Une réponse enflammée du monde rural
Face à ces accusations, les réactions ont été vives. Du côté du Jura et du Doubs, les élus locaux, producteurs et citoyens ont défendu bec et ongles ce symbole gastronomique. Pour eux, le comté représente bien plus qu’un simple fromage : c’est un pilier de l’identité locale, une source de fierté culturelle, et surtout un moteur économique pour les zones rurales.
Matthieu Bloch, député du Doubs, dénonce une attaque idéologique : « Interdire le comté, c’est nier notre culture et saboter nos campagnes. » Géraldine Grangier, députée RN, s’insurge elle aussi contre ce qu’elle qualifie de diktat urbain déconnecté des réalités rurales : « Nos Montbéliardes ne sont pas des criminelles. Elles font partie de notre histoire. »
Un patrimoine culinaire en danger ?
Avec plus de 60 000 tonnes produites chaque année, le comté est l’un des fromages les plus consommés en France. C’est aussi une Appellation d’Origine Protégée (AOP), ce qui signifie que son élaboration suit un cahier des charges strict en termes de qualité, de traçabilité et de respect des savoir-faire. Contrairement aux productions intensives pointées du doigt, la filière comté s’appuie majoritairement sur des petites exploitations familiales, souvent engagées dans une agriculture durable.
Pour les défenseurs du fromage, le combat de Pierre Rigaux est simpliste et injuste. Ils estiment que démoniser un produit local au nom de la lutte écologique revient à passer à côté des vrais enjeux : la surconsommation mondiale, les productions industrielles sans éthique, et l’importation de produits transformés bien plus polluants.
Un débat révélateur d’une fracture idéologique
Derrière ce débat, c’est toute une vision de l’écologie qui s’affronte. D’un côté, un courant radical qui prône l’abandon total des produits d’origine animale. De l’autre, une écologie ancrée dans les territoires, qui défend un modèle agricole équilibré entre tradition, modernité et respect de l’environnement.
Certaines organisations comme L214 ou le Parti animaliste soutiennent l’appel au boycott. Leur objectif : abolir l’élevage, qu’ils jugent incompatible avec le respect du vivant. À l’opposé, des élus, des agriculteurs et des citoyens attachés à leurs terroirs voient dans cette stratégie une tentative de déconstruction culturelle, déguisée en cause environnementale.
Quand l’activisme rencontre les traditions
L’appel à interdire le comté a donné naissance à une mobilisation en ligne, avec notamment le hashtag #TouchePasAuComté qui a fleuri sur les réseaux.
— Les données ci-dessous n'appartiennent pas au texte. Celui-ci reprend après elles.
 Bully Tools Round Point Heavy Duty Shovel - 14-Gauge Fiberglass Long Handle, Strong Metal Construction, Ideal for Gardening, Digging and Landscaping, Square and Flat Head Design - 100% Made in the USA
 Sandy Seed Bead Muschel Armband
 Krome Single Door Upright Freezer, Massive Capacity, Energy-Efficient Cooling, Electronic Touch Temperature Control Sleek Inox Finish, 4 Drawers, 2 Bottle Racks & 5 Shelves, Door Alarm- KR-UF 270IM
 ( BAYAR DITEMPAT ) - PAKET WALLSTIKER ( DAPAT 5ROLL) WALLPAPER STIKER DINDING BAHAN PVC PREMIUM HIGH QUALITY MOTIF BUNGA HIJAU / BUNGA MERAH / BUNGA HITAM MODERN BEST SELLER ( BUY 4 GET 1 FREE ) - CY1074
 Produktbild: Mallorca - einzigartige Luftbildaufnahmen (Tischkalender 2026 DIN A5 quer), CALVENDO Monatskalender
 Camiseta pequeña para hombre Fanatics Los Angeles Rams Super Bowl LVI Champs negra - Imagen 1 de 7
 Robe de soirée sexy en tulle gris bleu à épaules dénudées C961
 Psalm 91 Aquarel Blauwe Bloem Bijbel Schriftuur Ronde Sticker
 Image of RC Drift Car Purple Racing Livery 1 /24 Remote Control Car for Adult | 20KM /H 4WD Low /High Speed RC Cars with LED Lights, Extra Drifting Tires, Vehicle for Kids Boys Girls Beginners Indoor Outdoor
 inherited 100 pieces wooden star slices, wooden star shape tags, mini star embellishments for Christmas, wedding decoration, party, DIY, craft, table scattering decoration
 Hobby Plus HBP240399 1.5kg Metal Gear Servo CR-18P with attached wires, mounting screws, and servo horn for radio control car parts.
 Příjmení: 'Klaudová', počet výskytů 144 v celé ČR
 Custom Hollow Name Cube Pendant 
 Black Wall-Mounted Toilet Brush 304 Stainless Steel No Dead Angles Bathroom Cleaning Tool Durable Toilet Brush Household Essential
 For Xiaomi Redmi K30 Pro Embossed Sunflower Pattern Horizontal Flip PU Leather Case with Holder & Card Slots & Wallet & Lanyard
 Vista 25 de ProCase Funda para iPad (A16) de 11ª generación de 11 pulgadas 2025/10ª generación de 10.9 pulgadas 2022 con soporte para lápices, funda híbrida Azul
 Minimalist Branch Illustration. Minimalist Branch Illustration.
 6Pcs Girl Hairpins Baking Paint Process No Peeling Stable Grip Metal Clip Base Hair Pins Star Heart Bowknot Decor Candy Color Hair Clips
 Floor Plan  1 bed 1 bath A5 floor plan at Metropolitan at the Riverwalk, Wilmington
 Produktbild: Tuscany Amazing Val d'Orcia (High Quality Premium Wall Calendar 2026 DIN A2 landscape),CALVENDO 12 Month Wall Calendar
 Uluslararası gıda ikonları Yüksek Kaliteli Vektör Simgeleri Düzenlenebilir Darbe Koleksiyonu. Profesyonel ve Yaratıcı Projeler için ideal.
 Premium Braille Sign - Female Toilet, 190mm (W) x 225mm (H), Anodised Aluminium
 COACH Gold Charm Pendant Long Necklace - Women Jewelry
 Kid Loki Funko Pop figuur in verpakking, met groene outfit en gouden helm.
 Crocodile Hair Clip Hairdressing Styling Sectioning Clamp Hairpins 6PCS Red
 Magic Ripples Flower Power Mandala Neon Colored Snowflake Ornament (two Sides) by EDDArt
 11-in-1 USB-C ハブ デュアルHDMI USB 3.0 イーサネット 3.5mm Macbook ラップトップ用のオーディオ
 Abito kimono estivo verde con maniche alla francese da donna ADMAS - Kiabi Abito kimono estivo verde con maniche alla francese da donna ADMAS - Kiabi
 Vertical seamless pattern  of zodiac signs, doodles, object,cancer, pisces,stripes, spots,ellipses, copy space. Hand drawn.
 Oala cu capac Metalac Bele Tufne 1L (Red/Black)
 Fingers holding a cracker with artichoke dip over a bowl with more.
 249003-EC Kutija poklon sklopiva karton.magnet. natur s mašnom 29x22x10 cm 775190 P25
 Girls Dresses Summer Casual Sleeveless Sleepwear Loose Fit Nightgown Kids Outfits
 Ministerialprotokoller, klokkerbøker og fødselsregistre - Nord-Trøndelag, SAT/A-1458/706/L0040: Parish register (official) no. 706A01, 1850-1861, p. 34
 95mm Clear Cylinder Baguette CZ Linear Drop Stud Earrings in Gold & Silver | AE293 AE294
Internautes, élus et institutions ont partagé des messages de soutien à la filière, rappelant les bienfaits nutritionnels du fromage, son importance dans l’économie locale et la passion de ceux qui le produisent.
Le préfet du Jura a lui-même pris la parole, déclarant : « Le comté, c’est du Jura, du goût, du calcium, des protéines… et zéro culpabilité. » Un message clair pour rétablir la vérité sur un produit souvent caricaturé.